Where to find evaluations
- Open your project in the Visual Builder.
- In the project sidebar, go to Evaluations for evaluators, batch jobs, and continuous tests.
You need Edit permission on the project to create or change evaluators, batch evaluations, and continuous tests. See Access control for roles and permissions.
Evaluators
Evaluators define how agent responses are scored. Each evaluator has a prompt, a schema, and optionally a pass criteria to produce a score or structured output.
Creating an evaluator
-
Go to Evaluations and open the Evaluators tab.
-
Click New evaluator.
-
Fill in:
- Name and optional Description
- Prompt — instructions for the model (e.g. what to score and how)
- Schema — JSON schema for structured output (e.g. numeric score, categories)
- Model — the model used to run the evaluator
- Pass criteria (optional) — conditions on numeric schema fields that define pass/fail (e.g.
score >= 0.8)
-
Save. The evaluator is then available for batch evaluations and continuous tests.
Example Evaluator
Editing or deleting
From the Evaluators list, open an evaluator to view or edit it, or use the delete action.
Batch evaluations
Batch evaluations run selected evaluators over a set of conversations once. You choose which evaluators to run and over what date range.

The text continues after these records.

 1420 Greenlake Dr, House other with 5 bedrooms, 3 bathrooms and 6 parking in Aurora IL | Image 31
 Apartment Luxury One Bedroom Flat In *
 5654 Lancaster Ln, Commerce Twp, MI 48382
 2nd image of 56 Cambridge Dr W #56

Creating a batch evaluation
- Go to Evaluations and open the Batch Evaluations tab.
- Click New batch evaluation.
- Select one or more Evaluators.
- Narrow the scope by Date range — only conversations within that range
- Start the job. A new batch evaluation job is created and runs asynchronously.
Viewing results
From the Batch Evaluations list, open a job to see its results: per-conversation evaluation outputs, pass/fail if pass criteria are set, and status. You can filter and inspect individual results.
Continuous tests
Continuous tests evaluate a sample of live conversations automatically. You specify which evaluators to run, which agents (optional), and a sample rate (e.g. 10% of conversations).

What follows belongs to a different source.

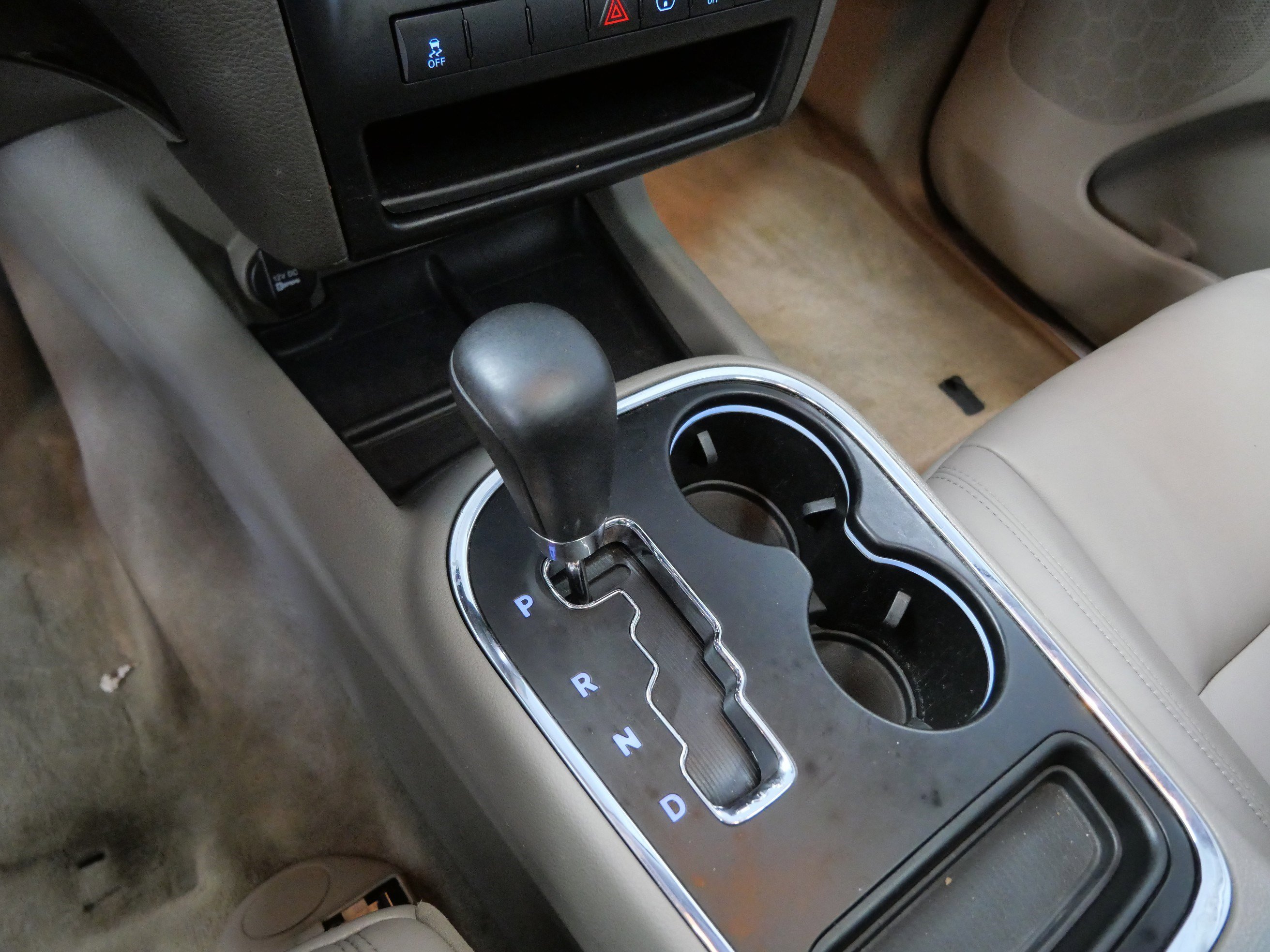 Used 2013 Dodge Durango Crew w/ Crew Convenience Group image 24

Creating a continuous test
- Go to Evaluations and open the Continuous Tests tab.
- Click New continuous test.
- Set Name and optional Description.
- The config is Active so it runs on new conversations.
- Choose Evaluators to run.
- Optionally restrict by Agents (only evaluate conversations for those agents).
- Set Sample rate (0–1) to evaluate a fraction of matching conversations.
- Save. Once active, matching conversations will be evaluated according to the sample rate.
Viewing results
From the Continuous Tests list, open a config to see Results for that run config: all evaluation results triggered by that continuous test, with filters.
Summary
| Area | Purpose |
|---|---|
| Evaluators | Define how to score agent outputs (prompt, model, schema, pass criteria). |
| Batch evaluations | Run evaluators once over a scoped set of conversations (date range). |
| Continuous tests | Automatically run evaluators on a sample of live conversations. |
For programmatic access to the same concepts, see TypeScript SDK: Evaluations and the Evaluations API reference.